> **Activity**
Pull out every line below that contains the word "Blue".

> **Material for this exercise**
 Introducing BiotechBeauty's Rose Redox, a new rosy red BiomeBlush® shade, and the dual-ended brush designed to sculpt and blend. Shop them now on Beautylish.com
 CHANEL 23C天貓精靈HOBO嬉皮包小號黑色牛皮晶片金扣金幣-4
...
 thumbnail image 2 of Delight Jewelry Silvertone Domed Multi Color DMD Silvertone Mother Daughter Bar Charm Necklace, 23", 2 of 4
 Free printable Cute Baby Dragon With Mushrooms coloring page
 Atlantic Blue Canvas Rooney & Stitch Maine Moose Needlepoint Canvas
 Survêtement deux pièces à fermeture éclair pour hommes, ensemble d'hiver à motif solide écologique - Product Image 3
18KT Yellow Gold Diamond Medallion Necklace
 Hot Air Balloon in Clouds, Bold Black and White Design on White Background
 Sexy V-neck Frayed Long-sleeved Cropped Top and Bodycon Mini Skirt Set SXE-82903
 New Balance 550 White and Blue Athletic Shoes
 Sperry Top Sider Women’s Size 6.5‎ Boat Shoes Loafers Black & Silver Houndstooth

> **Answer to this problem**
 Atlantic Blue Canvas Rooney & Stitch Maine Moose Needlepoint Canvas
 New Balance 550 White and Blue Athletic Shoes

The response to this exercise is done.